1984 Yamaha XJ600 1985 Kawasaki GPZ 600R

Jan 1985

Monday evening. I handed back the Tenere to Yamaha and squelched around their yard, my oversuit dragging in the puddles and a trickle of water running down my neck. I pondered on the reality of being a bike tester and dreamed about being one in California, where all you seem to need are leathers and a black visor. Humph.

I was sad to see the big single go as it was such a useful tool in these conditions, its torque making it a real cinch to ride in the wet, and I wondered if the four's claimed 72bhp was going to come in as easily as the single's claimed 42 steady old nags.

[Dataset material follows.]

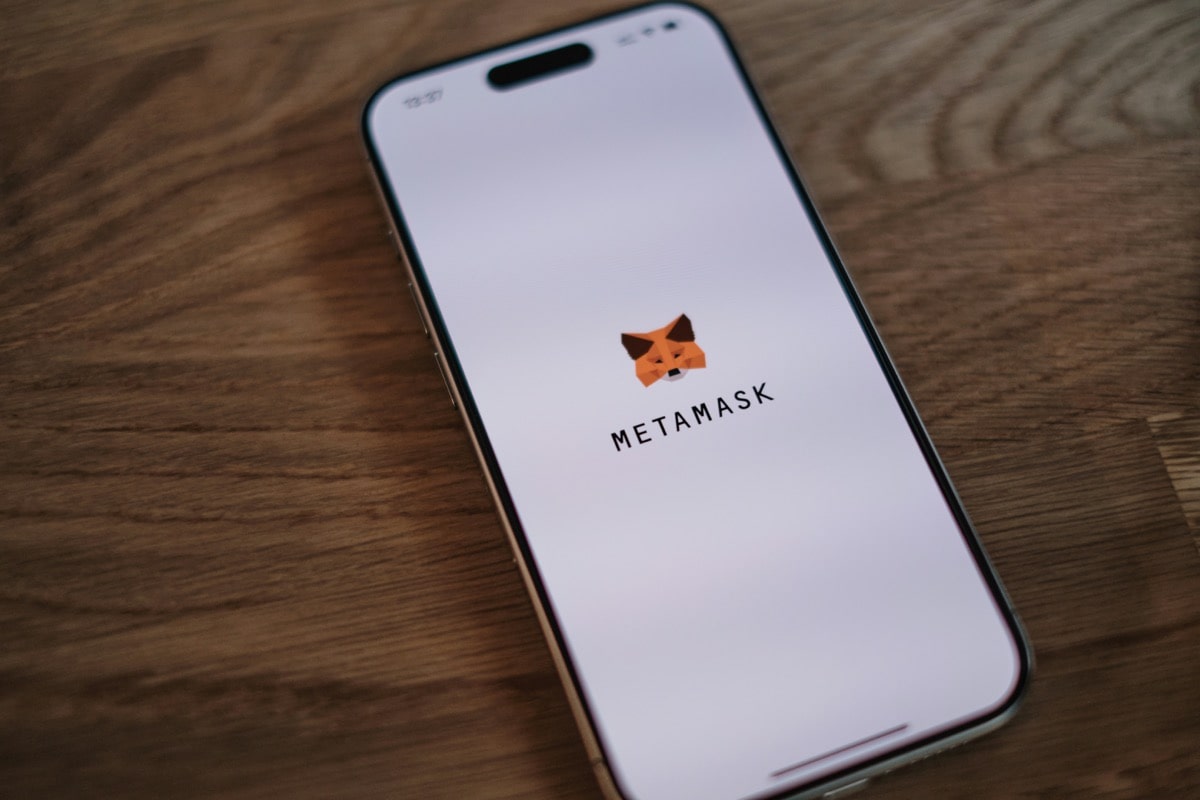 MetaMask Launches Native Stablecoin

Eventually they wheeled out the red and white XJ and I hopped on board, perversely wondering how they could afford to produce two machines for the 600cc four stroke market. Perhaps they can't, which would account for their recent financial state.

It seemed ludicrously small and compact after the single's eyeball poppin' seat height and cartilage poppin' tank. The XJ's bars were nicely set forward and narrow, the footrests reasonably rearset and high and the saddle slim but comfortable. Sitting in the perfect position for getting on with it, tucked neatly in behind the fairing, I cast off into the murk with visor down, oversuit reefed in and mainbrace spliced.

With all hands to the bars and feet to the pegs I was in second gear before clearing the yard. Whereditgo? First gear is definitely low.

I was pretty unimpressed with it all as I bopped home since it felt rewy and twitchy in the wet and liable to spit me off if I got it wrong. Instead of being able to use engine torque I was back to the old game of fanning the gear pedal about four times until something registered and then treading gingerly. When I reached the A3 slip road, however, feeling thoroughly heaved off, I drew a straight bead on the dual carriageway and let it go from about four grand. I didn't even know what gear I was in as the six speed box had temporarily lost me.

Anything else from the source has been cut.